Testing & Methodology

We’ve expanded our testing suite considerably for the X79 chipset, and will continue to use the same methods for most of the motherboards and CPU’s we test. In the interests of thoroughness and accurate results, we run each test at least three times, and some tests more than that. We average the total of all the tests from each benchmark then report the average here. If we had any ambiguous results we left those out and ran the benchmark once again.

The OS we use is Windows 7 Pro 64bit with all patches and updates applied. We also use the latest drivers available for the motherboard and any devices attached to the computer. We do not disable background tasks or tweak the OS or system in any way. We turn off drive indexing and daily defragging. We also turn off Prefetch and Superfetch. This is not an attempt to produce bigger benchmark numbers. Drive indexing and defragging can interfere with testing and produce confusing numbers. If a test were to be run while a drive was being indexed or defragged, and then the same test was later run when these processes were off, the two results would be contradictory and erroneous. As we cannot control when defragging and indexing occur precisely enough to guarantee that they won’t interfere with testing, we opt to disable the features entirely.

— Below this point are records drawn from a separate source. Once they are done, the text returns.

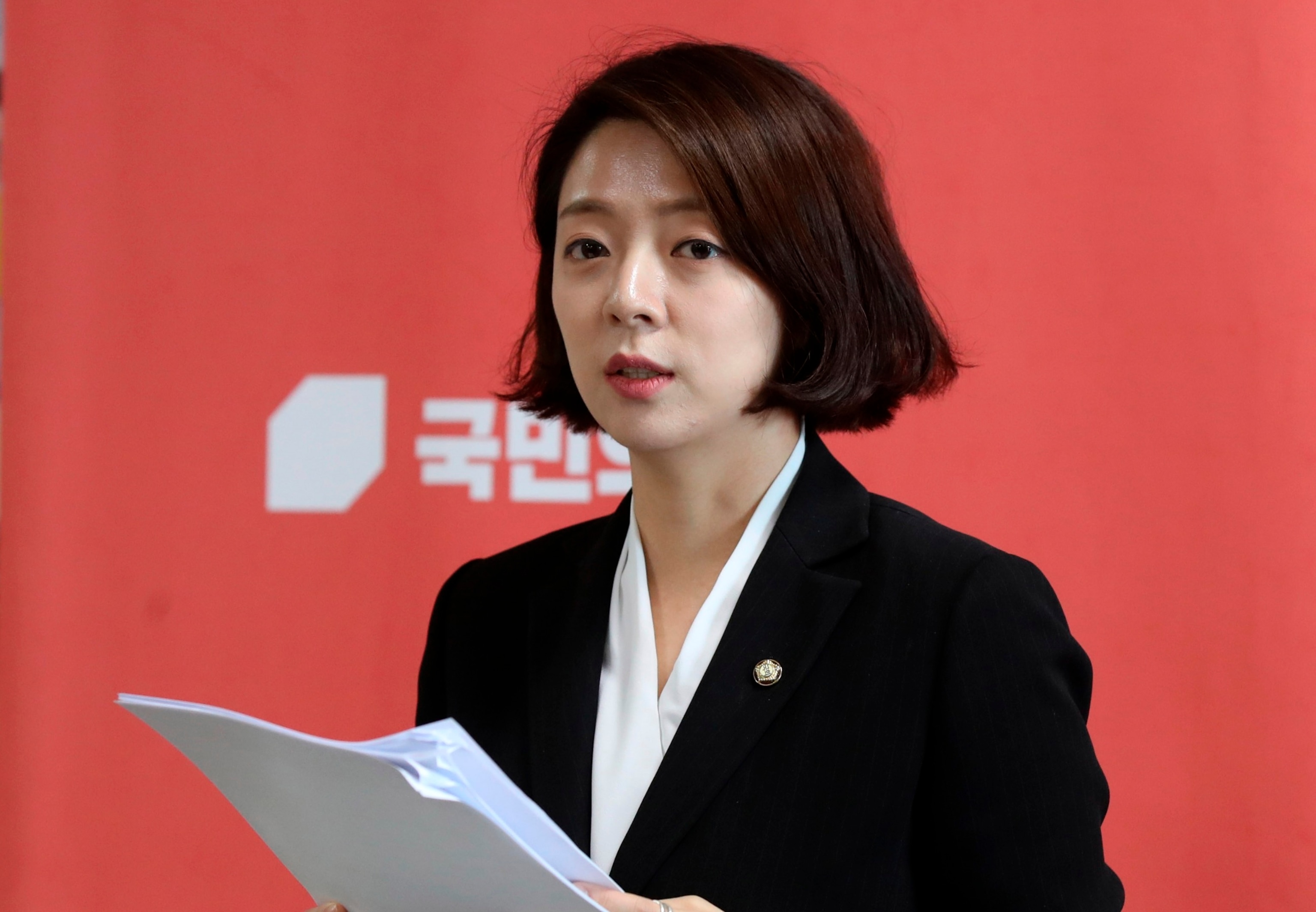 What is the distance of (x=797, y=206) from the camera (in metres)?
1.06

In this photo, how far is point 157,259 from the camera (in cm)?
205

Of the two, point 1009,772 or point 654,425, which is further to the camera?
point 654,425

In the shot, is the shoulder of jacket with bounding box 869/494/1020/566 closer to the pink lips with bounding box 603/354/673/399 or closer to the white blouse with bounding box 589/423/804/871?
the white blouse with bounding box 589/423/804/871

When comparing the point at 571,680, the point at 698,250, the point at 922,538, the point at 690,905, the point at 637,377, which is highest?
the point at 698,250

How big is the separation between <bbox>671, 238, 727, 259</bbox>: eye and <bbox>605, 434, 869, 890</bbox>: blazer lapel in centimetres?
22

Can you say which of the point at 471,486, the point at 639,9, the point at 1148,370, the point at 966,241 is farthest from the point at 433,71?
the point at 1148,370

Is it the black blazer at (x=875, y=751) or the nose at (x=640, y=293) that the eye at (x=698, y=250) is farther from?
the black blazer at (x=875, y=751)

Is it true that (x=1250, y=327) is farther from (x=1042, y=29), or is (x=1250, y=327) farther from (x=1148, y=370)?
(x=1042, y=29)

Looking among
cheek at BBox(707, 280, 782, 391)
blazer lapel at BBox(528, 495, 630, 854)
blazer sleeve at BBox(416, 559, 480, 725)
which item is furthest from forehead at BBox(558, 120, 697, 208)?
blazer sleeve at BBox(416, 559, 480, 725)

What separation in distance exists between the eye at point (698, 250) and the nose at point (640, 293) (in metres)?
0.02

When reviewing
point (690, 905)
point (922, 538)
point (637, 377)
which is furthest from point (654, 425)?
point (690, 905)

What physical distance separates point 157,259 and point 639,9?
0.92 metres

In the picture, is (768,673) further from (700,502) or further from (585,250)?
(585,250)

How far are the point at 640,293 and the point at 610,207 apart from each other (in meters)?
0.10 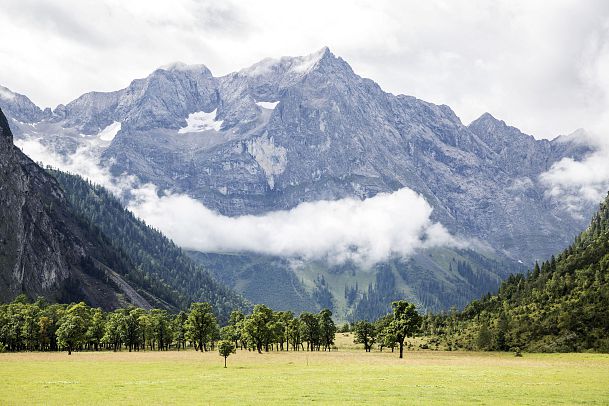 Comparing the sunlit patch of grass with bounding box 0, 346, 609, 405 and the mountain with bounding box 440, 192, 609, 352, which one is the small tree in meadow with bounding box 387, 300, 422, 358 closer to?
the mountain with bounding box 440, 192, 609, 352

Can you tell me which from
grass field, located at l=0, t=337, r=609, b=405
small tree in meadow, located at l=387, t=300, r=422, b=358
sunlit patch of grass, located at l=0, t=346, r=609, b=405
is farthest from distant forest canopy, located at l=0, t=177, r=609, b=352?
grass field, located at l=0, t=337, r=609, b=405

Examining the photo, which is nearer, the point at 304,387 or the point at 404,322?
the point at 304,387

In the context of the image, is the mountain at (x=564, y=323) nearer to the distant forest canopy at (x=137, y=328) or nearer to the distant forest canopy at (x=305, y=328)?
the distant forest canopy at (x=305, y=328)

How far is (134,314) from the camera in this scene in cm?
19388

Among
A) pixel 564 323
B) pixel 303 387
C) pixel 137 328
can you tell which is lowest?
pixel 303 387

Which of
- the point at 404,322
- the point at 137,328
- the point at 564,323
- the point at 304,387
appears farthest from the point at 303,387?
the point at 564,323

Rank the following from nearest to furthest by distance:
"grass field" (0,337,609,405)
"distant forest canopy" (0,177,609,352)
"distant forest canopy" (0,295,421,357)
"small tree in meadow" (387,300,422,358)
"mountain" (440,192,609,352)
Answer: "grass field" (0,337,609,405) → "small tree in meadow" (387,300,422,358) → "distant forest canopy" (0,295,421,357) → "distant forest canopy" (0,177,609,352) → "mountain" (440,192,609,352)

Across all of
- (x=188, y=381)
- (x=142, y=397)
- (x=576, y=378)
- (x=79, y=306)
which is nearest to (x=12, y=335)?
(x=79, y=306)

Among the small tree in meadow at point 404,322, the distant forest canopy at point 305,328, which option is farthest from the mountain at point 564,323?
the small tree in meadow at point 404,322

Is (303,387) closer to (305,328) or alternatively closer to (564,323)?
(305,328)

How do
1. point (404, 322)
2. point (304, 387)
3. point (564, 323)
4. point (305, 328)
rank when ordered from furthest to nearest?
1. point (305, 328)
2. point (564, 323)
3. point (404, 322)
4. point (304, 387)

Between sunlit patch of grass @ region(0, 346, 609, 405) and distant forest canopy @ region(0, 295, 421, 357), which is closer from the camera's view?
sunlit patch of grass @ region(0, 346, 609, 405)

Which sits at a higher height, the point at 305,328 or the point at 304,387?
the point at 305,328

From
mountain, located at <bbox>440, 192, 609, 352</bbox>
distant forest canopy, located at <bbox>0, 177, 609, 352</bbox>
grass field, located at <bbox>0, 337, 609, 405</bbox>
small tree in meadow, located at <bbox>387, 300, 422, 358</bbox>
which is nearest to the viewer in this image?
grass field, located at <bbox>0, 337, 609, 405</bbox> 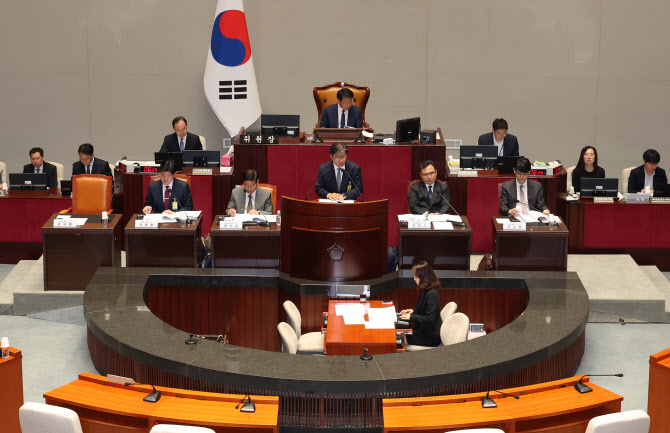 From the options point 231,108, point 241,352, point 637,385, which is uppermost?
point 231,108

Prefetch tries to predict what users will load the next time they boot the machine by caching the relevant files and storing them for later use. We want to learn how the program runs without any of the files being cached, and we disable it so that each test run we do not have to clear pre-fetch to get accurate numbers. Lastly we disable Superfetch. Superfetch loads often-used programs into the memory. It is one of the reasons that Windows occupies so much memory. Vista fills the memory in an attempt to predict what users will load. Having one test run with files cached, and another test run with the files un-cached would result in inaccurate numbers. Again, since we can’t control its timings so precisely, it we turn it off. Because these four features can potentially interfere with benchmarking, and and are out of our control, we disable them. We do not disable anything else.

Test Rig

Test Suite

We will use the following applications to test the performance of the X79 Chipset (Motherboard, Processor).

PCmark 7

Let’s start by looking at PCMark 7. The Computation Score is the most CPU demanding test here and we can see that the i7 3960X is 8% faster than the Core i7 2600K and 15% faster than the previous performance king, the i7 980X. Other tests in the PCMark do not separate the i7 2600K and the i7 3960X much, as both processors Turbo up within 100MHz of each other, and not all of the cores are being utilized.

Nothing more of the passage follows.